Ayone who made or sold illegal copies was labeled a “pirate”.
The term just stuck.
Interesting. I’d still bet that it came back into use today more due to the more accurate term of ‘copiers’ being not quite as villainous sounding for officials to use (and cool for those doing the copying to help spread it- Ahoy!), but it is interesting for it to pop back up in such a context after so long. Thanks for the info!
From Judge John Noonan: Ninth Court of Appeals, MGM v Grokster (2004)
Judge Noonan: Let me say what your problem is. You can use these harsh terms, but you are dealing with something new. And the question is, Does the statutory monopoly that Congress has given you reach out to that somthing new? And that’s a very debatable question. You don’t solve it by calling it theft. You have to show why this court should extend a statutory monopoly to cover the new thing. That’s your problem. address that, if you would……rather than use abusive language.
Arguments that dance around the semantics of theft and physical property loss are disingenuous; the simple fact is that it takes time and effort to produce software; if the product is being sold, and the only two options for acquisition of it are to either buy it legally or pirate a copy, then you are stealing. Did you pay for it? No? Then it really doesn’t matter whether its a copy or actual property exchanged hands; you’ve just contributed to a loss of revenue for the creators and publishers, and likely no matter how much you enjoy that game you’ve just stacked odds against any more content like it in the future from being released.
The only counter-argument I can posit about piracy is that, in my opinion, pirates are too damned cheap/poor to pay for the stuff they download anyway, and therefore the likelihood they would have paid for the content they pirated legally is pretty slim, anyway. Most of the people I know who pirate things fall in to two categories: hoarders who, while having money, seem to have an obsession with getting copies of everything under the sun even if they only look at each game or PDF or whatever for 10 minutes and move on…..and the starving student, who is amazed that I somehow have the money to own 300 games on Steam because owning anything more than a hand-me-down computer or 360 with one or two legally bought games is out of their reach.
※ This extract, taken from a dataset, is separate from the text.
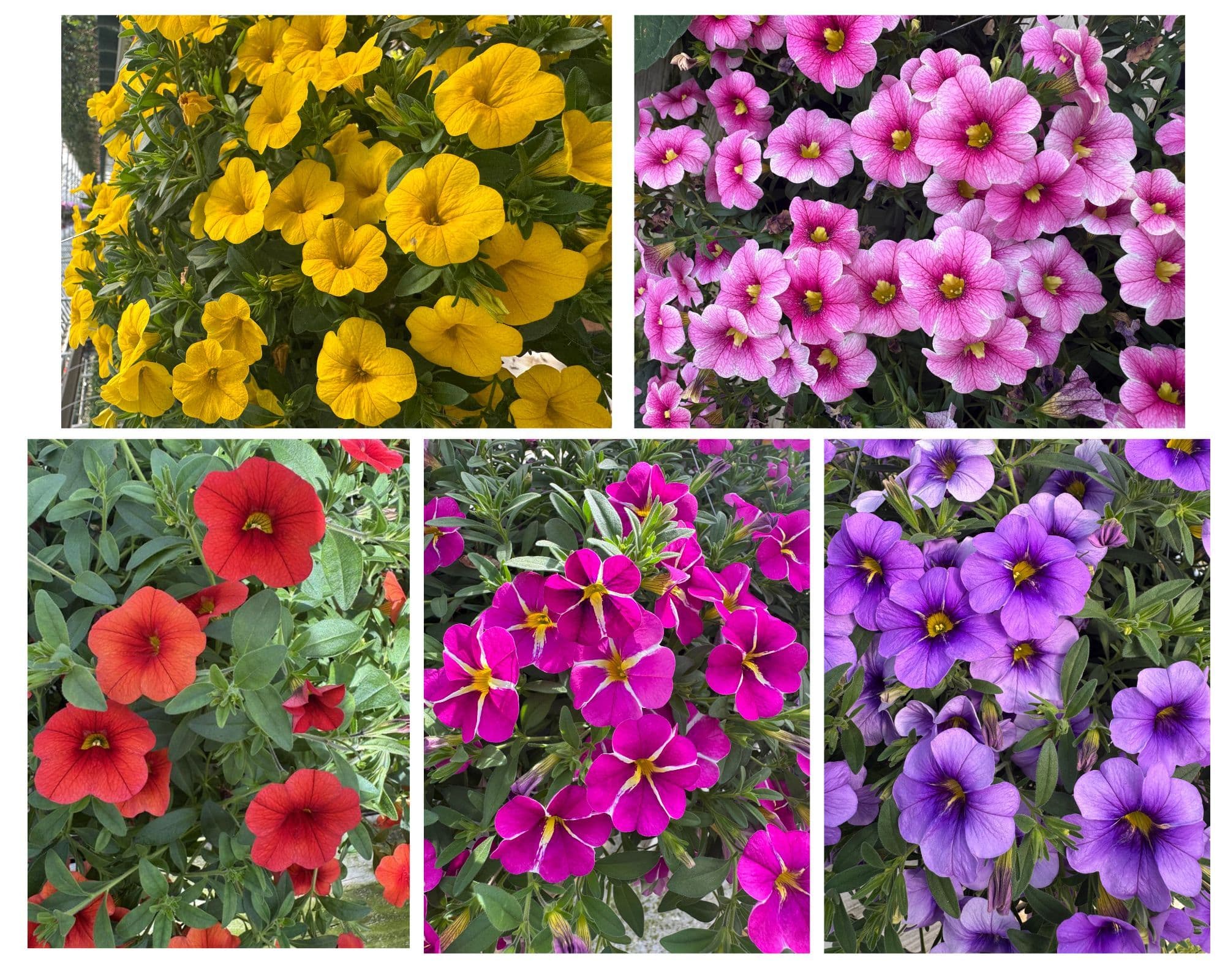 Calibrachoa Cabaret Assorted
Anyway, one thing I see that’s very common among piracy advocates and defenders is a (with the Minecraft creator being an exception) a complete and utter lack or respect for the actual authors and creators of the works they are ripping off. It’s essentially equivalent to a guy who goes to an art show and snaps hi-res photographs of artwork he likes while complaining that it all costs too much in front of the artists.
5 games in the last decade? Really? Designed to take money from children? I think you should avoid such discrediting statements, or acknowledge that you are extremely biased on the matter.
I think there’s plenty of profit to be made from a focused microtransaction model or a subscription model, but suggesting that 99% of all games in the last decade are crap is about as elitist an attitude as you can get.
Mass Effect 2, COD Black Ops, Fallout New vegas, Dead Space 2 and Darksiders are all five games that came out within the last year or so that were hugely successful, big budget, and all good games by any rational standard. And very few “children” bought these games, I bet; adults, either for themselves or for kids are doing all the buying here.